8 Exemption in clause 5(1) does not apply in certain circumstances
  • (1) If either of the following events occurs in relation to a specified company before the last allotment of shares pursuant to the exercise of the subscription agreement options, the exemption in clause 5(1) does not apply to that company after the occurrence of that event:

    • (a) the specified company becomes the holder or controller of an increased percentage of voting securities in Pike River, except as a result of the exercise of the subscription agreement options or, in the case of Gujarat, pursuant to the underwrite commitment:

    • (b) there is a change in the effective control of the specified company.

    (2) In this clause specified company means—

    • (a) Gujarat:

    • (b) New Zealand Oil & Gas:

    • (c) NZOG Services:

    • (d) Saurashtra Fuels:

    • (e) Saurashtra World Holdings.

Dated at Auckland this 23rd day of May 2007.

The Common Seal of the Takeovers Panel was affixed in the presence of:

[Seal]

D O Jones,
Chairperson.


Statement of reasons

This notice, which applies to acts or omissions occurring on or after 22 May 2007, expires on 31 July 2009.

Pike River Coal Limited (Pike River) is intending to make an initial public offer (IPO). Pike River will become a code company as a result of entering into a listing agreement with New Zealand Exchange Limited in connection with the IPO.

The Takeovers Panel (the Panel) has granted exemptions, subject to conditions, from rule 6(1) of the Takeovers Code (the Code) to—

  • Gujarat NRE Coke Limited (Gujarat):

  • New Zealand Oil & Gas Limited (New Zealand Oil & Gas):

  • NZOG Services Limited (NZOG Services):

  • Saurashtra Fuels Private Limited (Saurashtra Fuels):

  • Saurashtra World Holdings Private Limited (Saurashtra World Holdings).

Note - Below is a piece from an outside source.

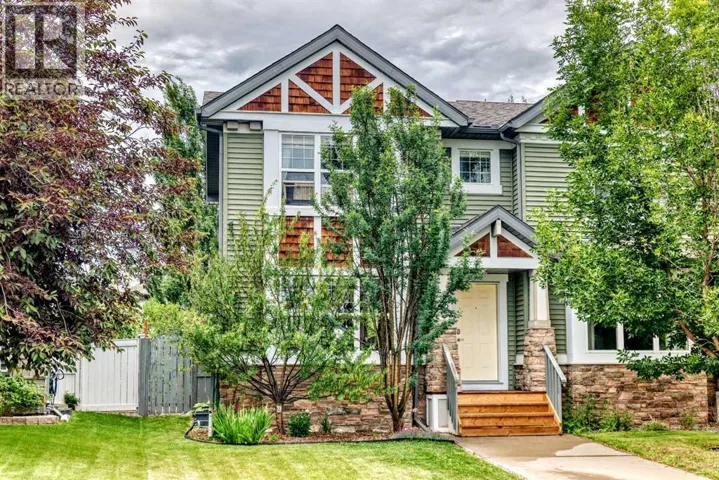 22 Everwillow Circle SW, Calgary, Alberta T2V4V2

The exemptions have been granted in respect of any increase in their respective voting control in Pike River as a result of—

  • the allotment of shares on the exercise by Gujarat, NZOG Services, or Saurashtra World Holdings of options to subscribe for ordinary shares in Pike River, held under equity subscription agreements with Pike River and held as a result of the subdivision of options held under the equity subscription agreements before the IPO (subscription agreement options); and

  • the allotment to Gujarat of up to 5 000 000 shares in Pike River pursuant to a commitment (underwrite commitment) by Gujarat to sub-underwrite the IPO.

Gujarat, New Zealand Oil & Gas, NZOG Services, Saurashtra Fuels, and Saurashtra World Holdings may each be an associate of one or more of the others for the purposes of the Code.

Exemption in relation to subscription agreement options

Pursuant to equity subscription agreements entered into with Pike River, subscription agreement options, exercisable after the IPO, have been allotted to Gujarat, NZOG Services, and Saurashtra World Holdings. As the holders or controllers of more than 20% of the voting rights in Pike River (in each case individually or together with associates), Gujarat, New Zealand Oil & Gas, NZOG Services, Saurashtra Fuels, and Saurashtra World Holdings would need, in the absence of the exemption, to comply with the Code when shares were allotted as a result of the exercise of any of the subscription agreement options.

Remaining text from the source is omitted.